• Work instruction
Set down the first line below and each line after it, ending with the one that holds "Martin Mart Plastic". Pictures do not belong in the copy.

• Given material
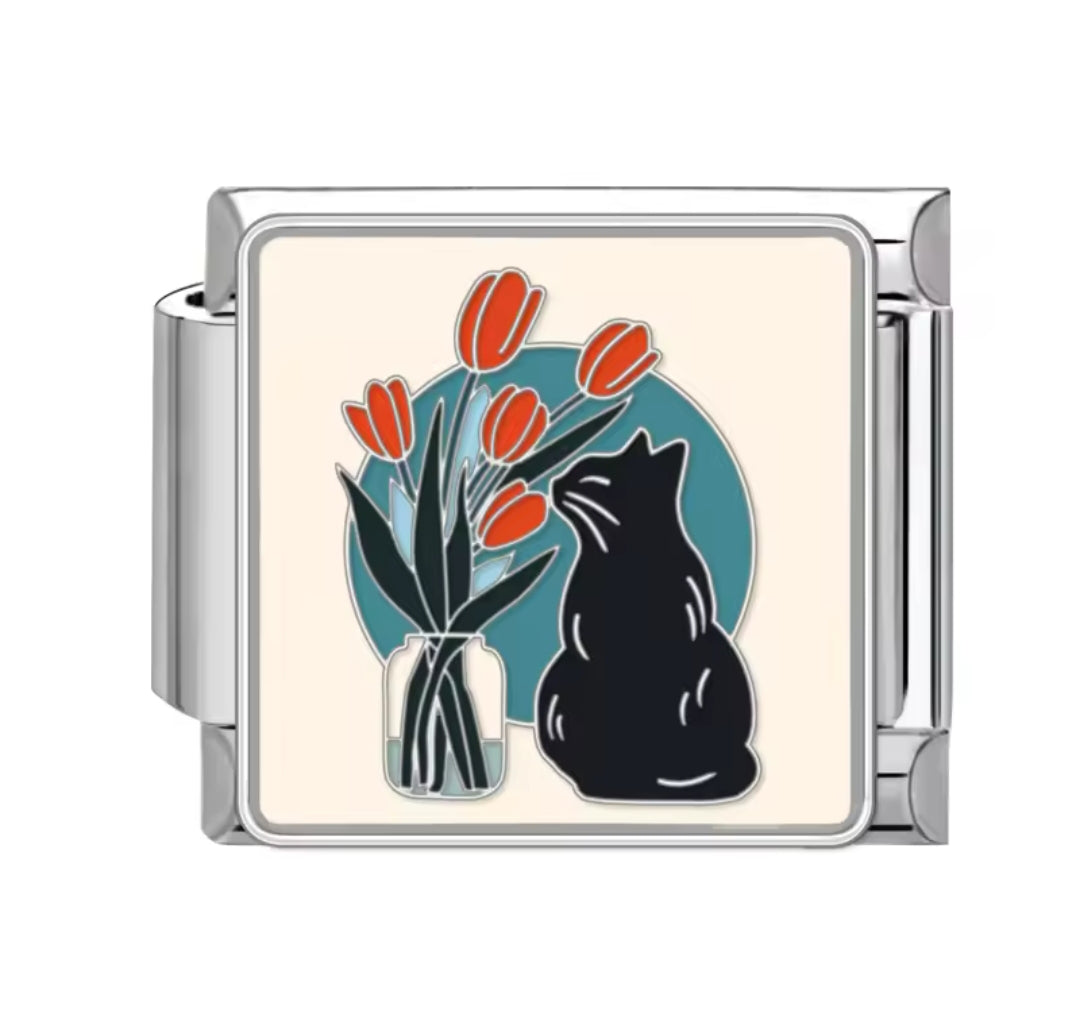 Charms Italianos de perritos y gatitos lindos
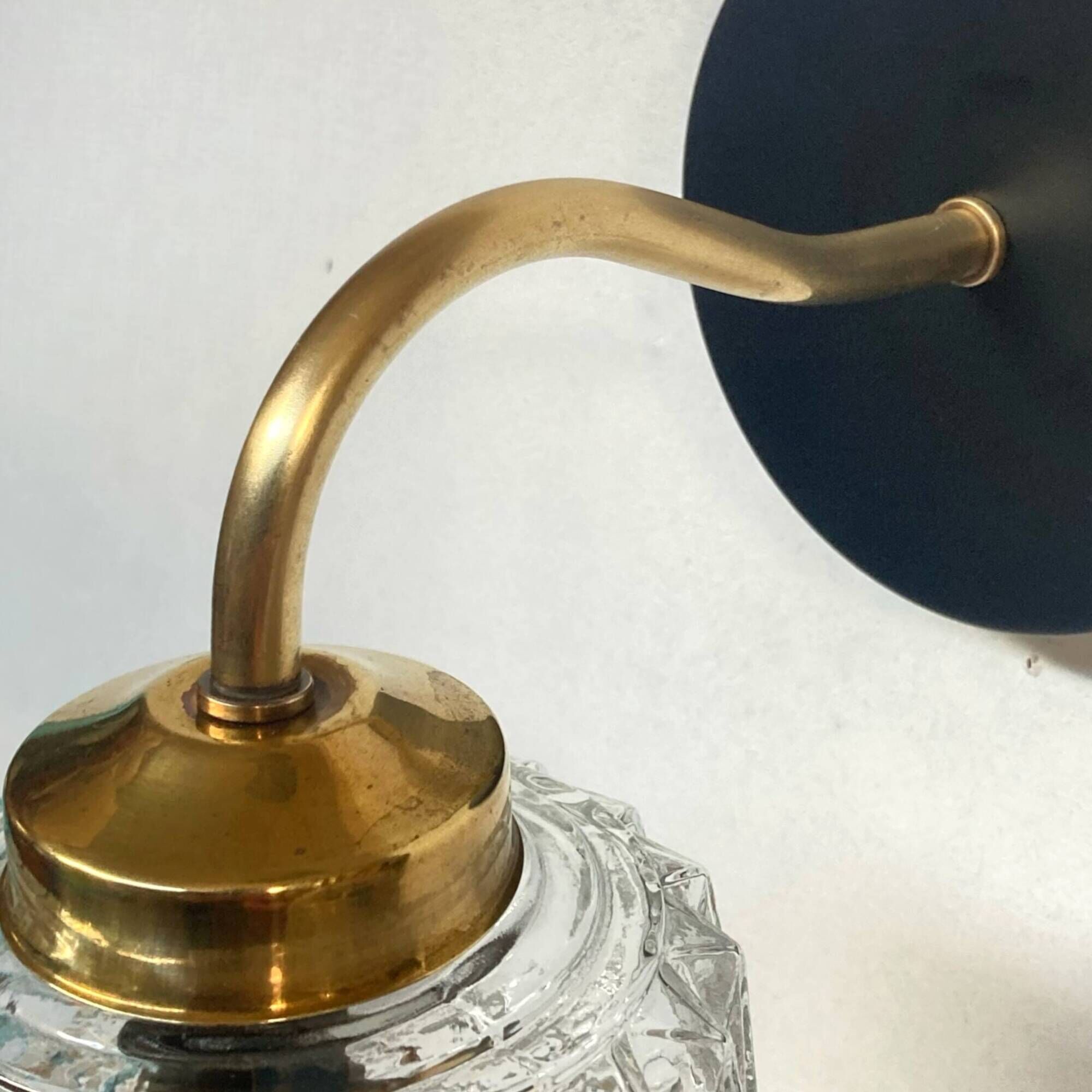 Old swan neck wall light in brass and thick glass tulip LAMP-7101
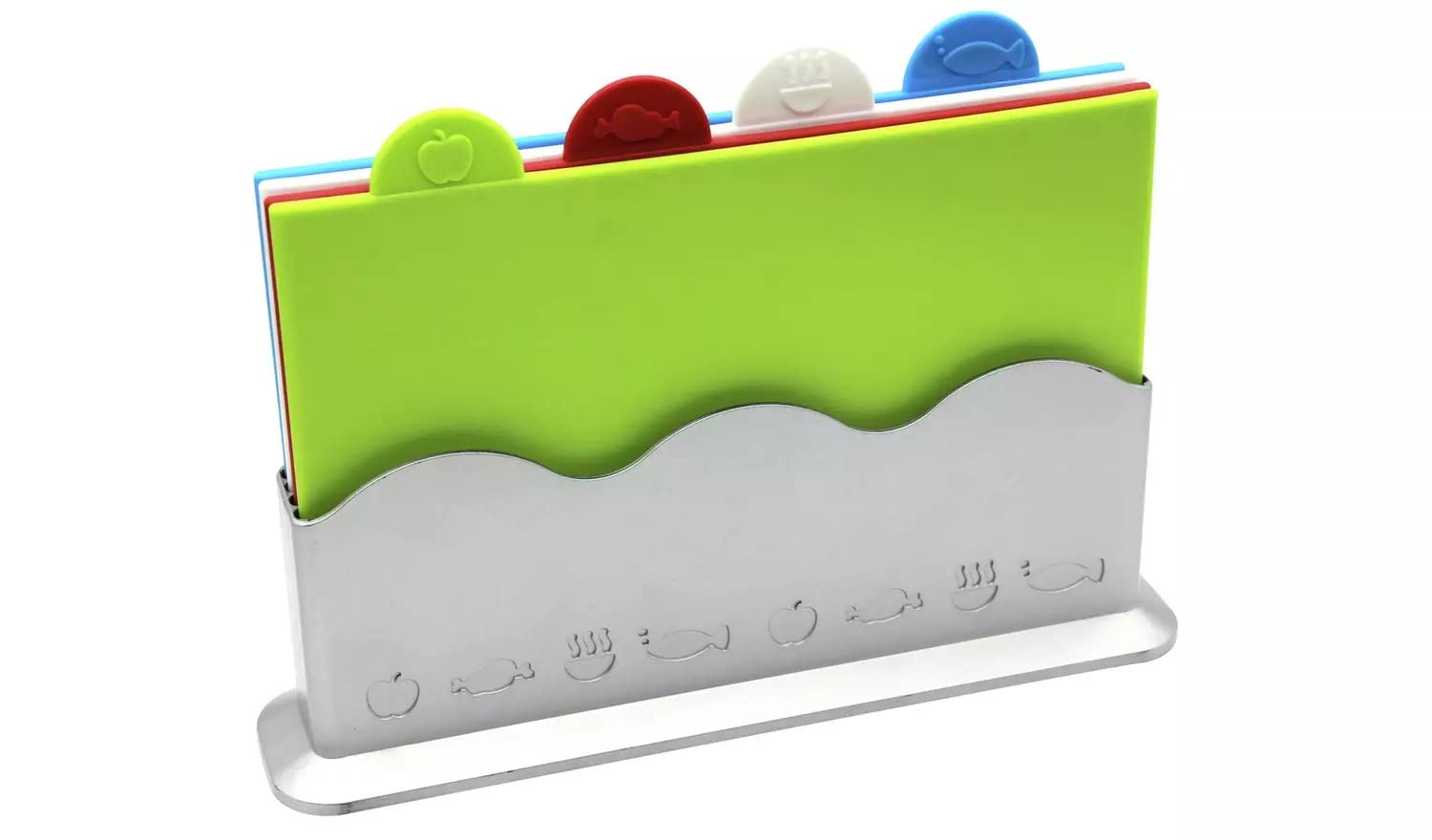 Martin Mart Plastic Chopping Board Set Easily Selecting The Correct Board All of Which are Wipe Clean and Dishwasher Safe - Pack of 4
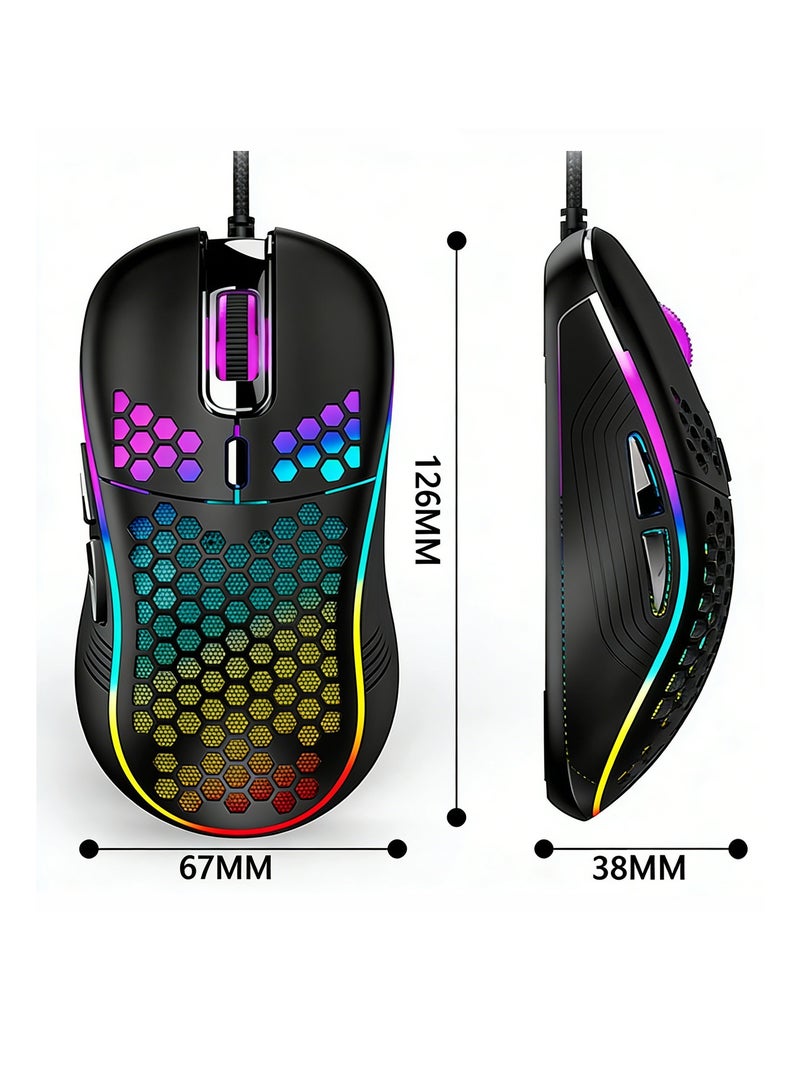 JOYFOCUS Colorful Lights Gaming Mouse, USB interface,Honeycomb Shell, Smooth, Lightweight, Streamlined Texture,120cm Line,Black - Image 2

• Expected output
 Charms Italianos de perritos y gatitos lindos
 Old swan neck wall light in brass and thick glass tulip LAMP-7101
 Martin Mart Plastic Chopping Board Set Easily Selecting The Correct Board All of Which are Wipe Clean and Dishwasher Safe - Pack of 4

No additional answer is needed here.